[[ Given data, beginning ]]

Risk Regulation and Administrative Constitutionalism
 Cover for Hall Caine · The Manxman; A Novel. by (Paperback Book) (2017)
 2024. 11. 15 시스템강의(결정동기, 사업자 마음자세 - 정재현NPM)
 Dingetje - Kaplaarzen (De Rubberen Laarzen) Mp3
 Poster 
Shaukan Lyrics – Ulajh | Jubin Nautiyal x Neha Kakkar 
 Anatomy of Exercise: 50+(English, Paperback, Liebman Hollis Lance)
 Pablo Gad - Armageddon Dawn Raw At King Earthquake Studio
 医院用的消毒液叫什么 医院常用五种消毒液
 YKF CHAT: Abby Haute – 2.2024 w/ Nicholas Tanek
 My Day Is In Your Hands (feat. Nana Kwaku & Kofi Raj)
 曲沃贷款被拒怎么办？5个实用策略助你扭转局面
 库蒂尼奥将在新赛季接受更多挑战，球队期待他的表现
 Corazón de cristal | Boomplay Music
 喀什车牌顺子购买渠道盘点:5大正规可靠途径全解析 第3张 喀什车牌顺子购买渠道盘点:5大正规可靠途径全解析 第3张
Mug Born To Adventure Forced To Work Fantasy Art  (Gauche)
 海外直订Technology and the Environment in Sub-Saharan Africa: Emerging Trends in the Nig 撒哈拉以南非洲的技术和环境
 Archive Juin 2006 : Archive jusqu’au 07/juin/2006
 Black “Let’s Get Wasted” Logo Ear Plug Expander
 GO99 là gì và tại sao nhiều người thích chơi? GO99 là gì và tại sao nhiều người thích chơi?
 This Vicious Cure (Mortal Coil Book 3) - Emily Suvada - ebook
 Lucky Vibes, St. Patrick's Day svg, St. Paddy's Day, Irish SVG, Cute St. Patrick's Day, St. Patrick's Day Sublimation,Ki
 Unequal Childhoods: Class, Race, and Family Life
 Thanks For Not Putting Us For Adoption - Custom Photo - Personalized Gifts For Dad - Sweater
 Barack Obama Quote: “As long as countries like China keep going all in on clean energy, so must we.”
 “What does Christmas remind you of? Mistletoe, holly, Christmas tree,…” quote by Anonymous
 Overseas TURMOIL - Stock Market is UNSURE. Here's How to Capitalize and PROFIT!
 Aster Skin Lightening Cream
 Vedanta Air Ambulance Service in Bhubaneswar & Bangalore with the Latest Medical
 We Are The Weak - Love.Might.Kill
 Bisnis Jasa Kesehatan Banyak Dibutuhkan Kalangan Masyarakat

[[ Given data, end ]]

— Aim of the task —
Repeat all of the records exactly.

— Solved problem —
Risk Regulation and Administrative Constitutionalism
 Cover for Hall Caine · The Manxman; A Novel. by (Paperback Book) (2017)
 2024. 11. 15 시스템강의(결정동기, 사업자 마음자세 - 정재현NPM)
 Dingetje - Kaplaarzen (De Rubberen Laarzen) Mp3
 Poster 
Shaukan Lyrics – Ulajh | Jubin Nautiyal x Neha Kakkar 
 Anatomy of Exercise: 50+(English, Paperback, Liebman Hollis Lance)
 Pablo Gad - Armageddon Dawn Raw At King Earthquake Studio
 医院用的消毒液叫什么 医院常用五种消毒液
 YKF CHAT: Abby Haute – 2.2024 w/ Nicholas Tanek
 My Day Is In Your Hands (feat. Nana Kwaku & Kofi Raj)
 曲沃贷款被拒怎么办？5个实用策略助你扭转局面
 库蒂尼奥将在新赛季接受更多挑战，球队期待他的表现
 Corazón de cristal | Boomplay Music
 喀什车牌顺子购买渠道盘点:5大正规可靠途径全解析 第3张 喀什车牌顺子购买渠道盘点:5大正规可靠途径全解析 第3张
Mug Born To Adventure Forced To Work Fantasy Art  (Gauche)
 海外直订Technology and the Environment in Sub-Saharan Africa: Emerging Trends in the Nig 撒哈拉以南非洲的技术和环境
 Archive Juin 2006 : Archive jusqu’au 07/juin/2006
 Black “Let’s Get Wasted” Logo Ear Plug Expander
 GO99 là gì và tại sao nhiều người thích chơi? GO99 là gì và tại sao nhiều người thích chơi?
 This Vicious Cure (Mortal Coil Book 3) - Emily Suvada - ebook
 Lucky Vibes, St. Patrick's Day svg, St. Paddy's Day, Irish SVG, Cute St. Patrick's Day, St. Patrick's Day Sublimation,Ki
 Unequal Childhoods: Class, Race, and Family Life
 Thanks For Not Putting Us For Adoption - Custom Photo - Personalized Gifts For Dad - Sweater
 Barack Obama Quote: “As long as countries like China keep going all in on clean energy, so must we.”
 “What does Christmas remind you of? Mistletoe, holly, Christmas tree,…” quote by Anonymous
 Overseas TURMOIL - Stock Market is UNSURE. Here's How to Capitalize and PROFIT!
 Aster Skin Lightening Cream
 Vedanta Air Ambulance Service in Bhubaneswar & Bangalore with the Latest Medical
 We Are The Weak - Love.Might.Kill
 Bisnis Jasa Kesehatan Banyak Dibutuhkan Kalangan Masyarakat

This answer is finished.